By Prof. Shafi Shauq
Professor Mohi-ud-Din Hajini, represented the decades of intellectual resurgence in Kashmir, that is 1950-1990, when a spree of exploration of old and the new ideas, philosophies, and streams of thought was at its zenith, unprecedented in our history. On the one hand there were intellectuals with multidisciplinary understanding who showed enthusiasm in embracing modern ideas from all corners of the world, but at the same time, some intellectuals who, while being well-versed in modern education, used their erudition to defend their faith, or sought some kind of compromise between the modern scientific rationalism and Islamic ideas; Prof. Mohi-ud Din Hajani, represented the class of the latter kind. A man of awesome erudition, commitment to fundamental principles of faith, and pride in owning a legacy of culture and literature in Kashmir, was one of the most popular and well known scholars of his time.

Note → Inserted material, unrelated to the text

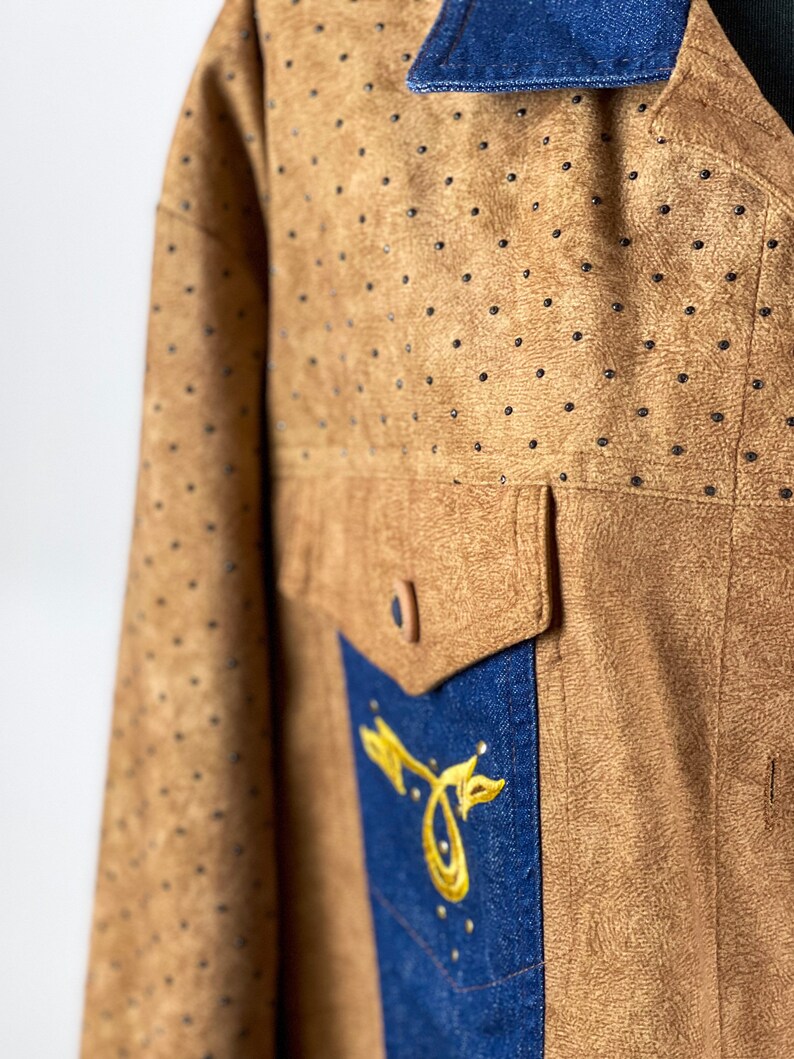 May include: A brown suede jacket with a blue denim collar and a blue denim panel on the front. The jacket has a gold embroidered design on the denim panel.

Prof. Mohi-ud Din Parrey, was born in 1917, at Hajan (the name Hajani with glottal aspiration ‘h’ changed into guttural aspiration ‘H’ was used for the first time by him as an appellation), a village on the banks of the Wular lake. His Parrey family, had already gained much respect through the copious works of Abdul Wahab Parrey. His father Ghulam Nabi Parrey and his mother Aisha Parrey wished to educate their only son in oriental learning and Islamiyat, as per the tradition, but Mohi-ud Din, who did his matriculation from a school in Sopore, aspired for higher education. It was during his matriculation that he got associated with political activities when he led a students’ procession towards Srinagar.

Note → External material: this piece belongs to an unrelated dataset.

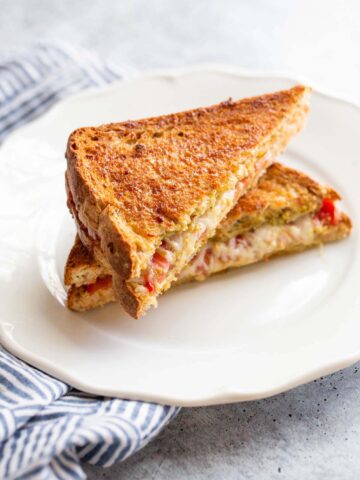 Caprese grilled cheese on a plate.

He, in spite of the hardships, passed his B.A degree from S.P. College Srinagar in 1928 with distinction. He being a village boy with country education and rustic habits was harassed by the students of Srinagar who were proud of belonging to the urban culture, but this did not discourage him, but on the contrary made him stiffer and more obstinate in his behavior. Since he had already formed his opinion on various aspects of life, worked harder, studied all manner of books, to anchor his point of view. Being convinced of his aspiration for higher education, his family managed to send him to Aligarah for post-graduation in Arabic language and literature. His merit won him scholarship and he passed his M.A with the first position. He also did his LLB and a diploma in journalism from the same university.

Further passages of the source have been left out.